Print the line containing "product image 1655392477 - Anime Lamp" and all lines after it, unchanged, through the end of the data. Leave the pictures out.

Start of Material supplied

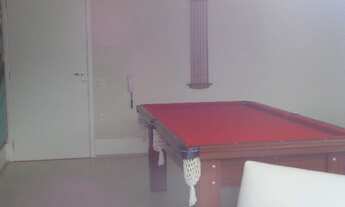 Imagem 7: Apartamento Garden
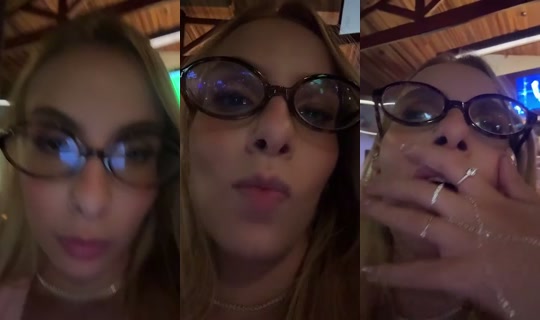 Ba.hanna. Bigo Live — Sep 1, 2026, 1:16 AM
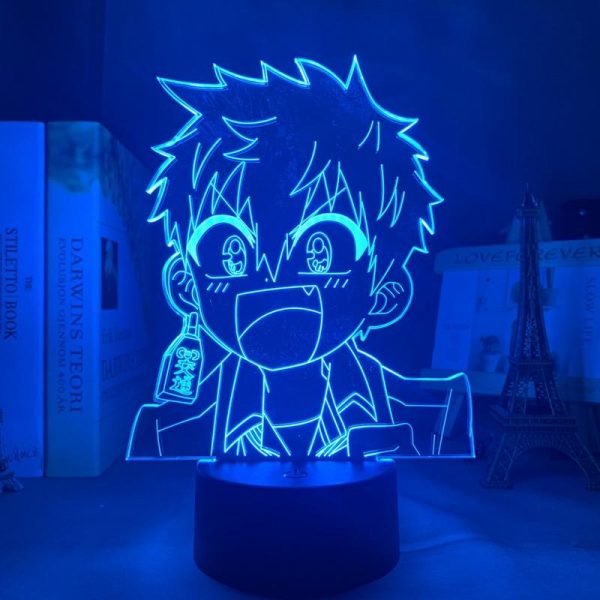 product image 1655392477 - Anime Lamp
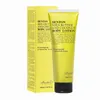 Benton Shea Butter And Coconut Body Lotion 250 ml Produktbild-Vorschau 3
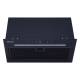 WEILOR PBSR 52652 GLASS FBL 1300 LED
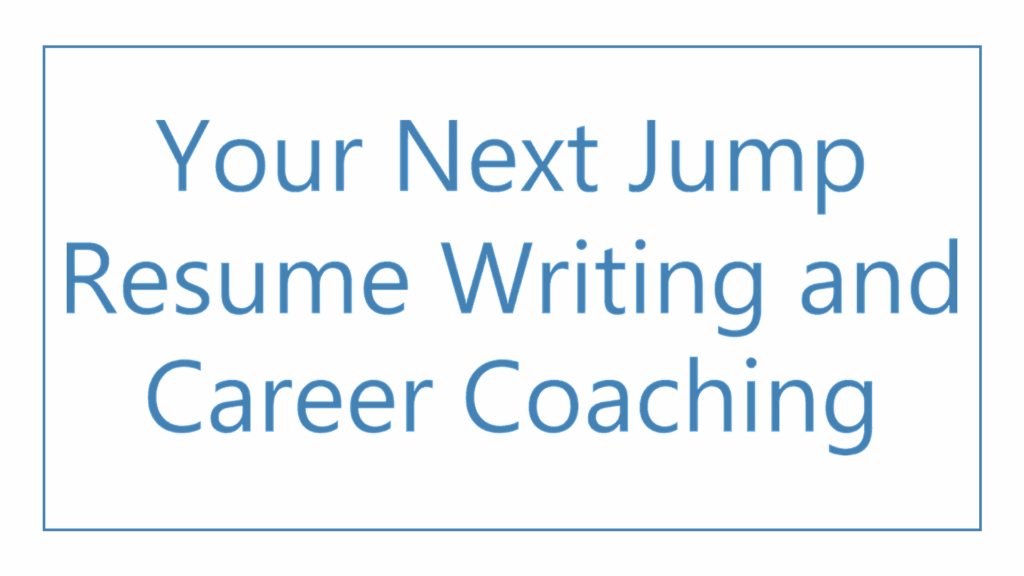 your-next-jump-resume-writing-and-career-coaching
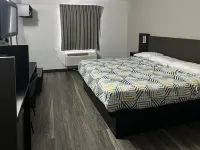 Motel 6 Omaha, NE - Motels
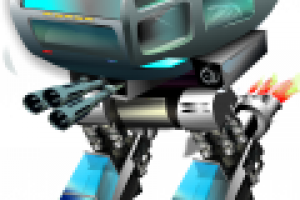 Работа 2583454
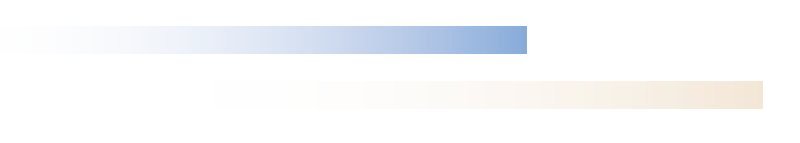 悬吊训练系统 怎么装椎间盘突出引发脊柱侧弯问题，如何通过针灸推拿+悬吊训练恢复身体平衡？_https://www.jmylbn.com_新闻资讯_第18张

End of Material supplied

- _Output below_:
 product image 1655392477 - Anime Lamp
 Benton Shea Butter And Coconut Body Lotion 250 ml Produktbild-Vorschau 3
 WEILOR PBSR 52652 GLASS FBL 1300 LED
 your-next-jump-resume-writing-and-career-coaching
 Motel 6 Omaha, NE - Motels
 Работа 2583454
 悬吊训练系统 怎么装椎间盘突出引发脊柱侧弯问题，如何通过针灸推拿+悬吊训练恢复身体平衡？_https://www.jmylbn.com_新闻资讯_第18张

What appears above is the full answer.